### Data excerpt

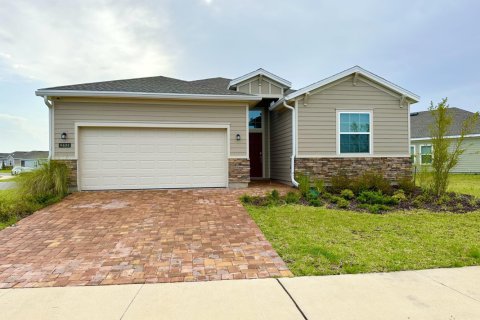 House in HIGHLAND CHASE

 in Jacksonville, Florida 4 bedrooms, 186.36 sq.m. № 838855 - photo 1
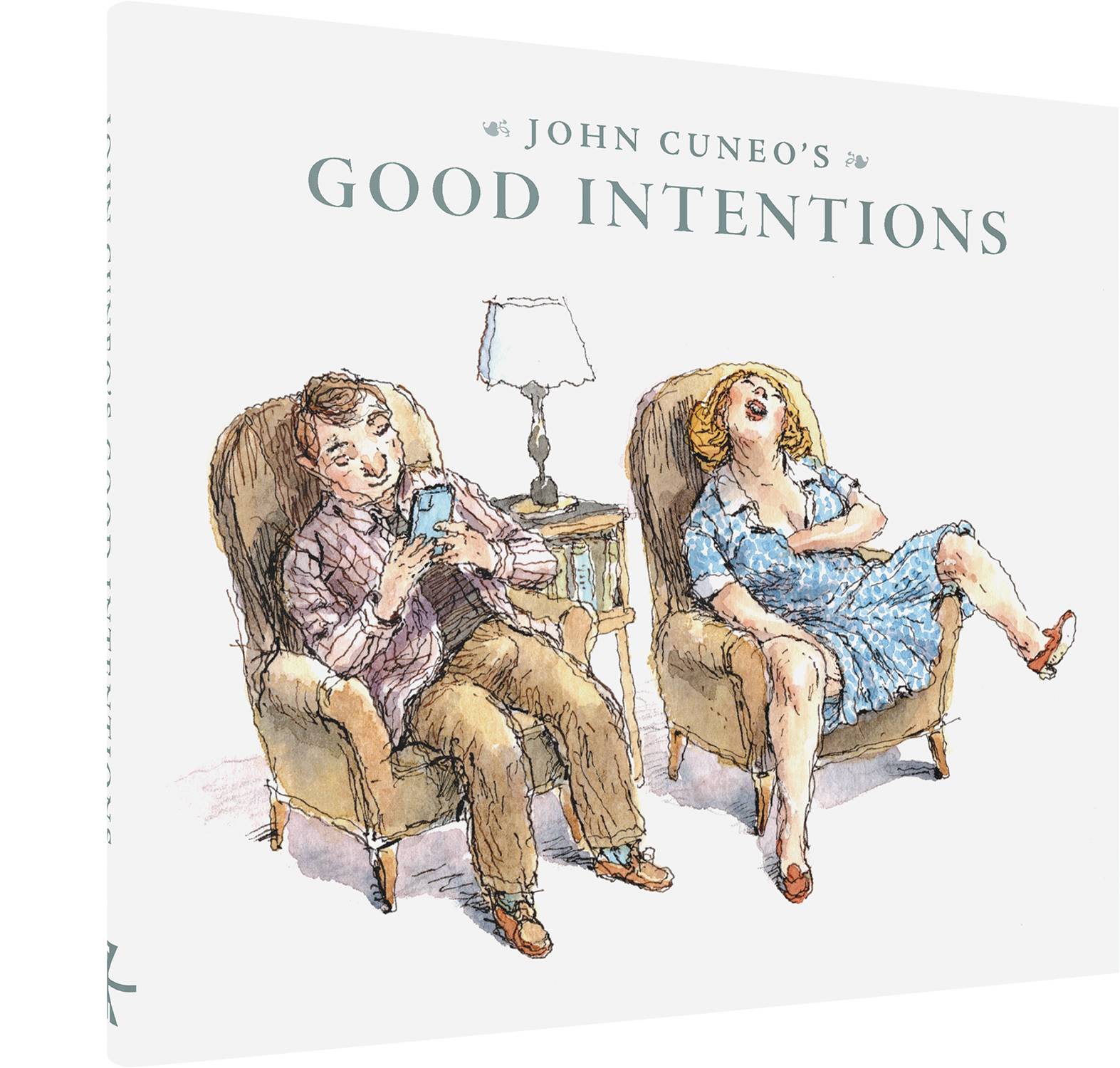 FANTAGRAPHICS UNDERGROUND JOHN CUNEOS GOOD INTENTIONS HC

### About this exercise
Set down the material again exactly. Don't carry over any pictures.

### Solved exercise
 House in HIGHLAND CHASE

 in Jacksonville, Florida 4 bedrooms, 186.36 sq.m. № 838855 - photo 1
 FANTAGRAPHICS UNDERGROUND JOHN CUNEOS GOOD INTENTIONS HC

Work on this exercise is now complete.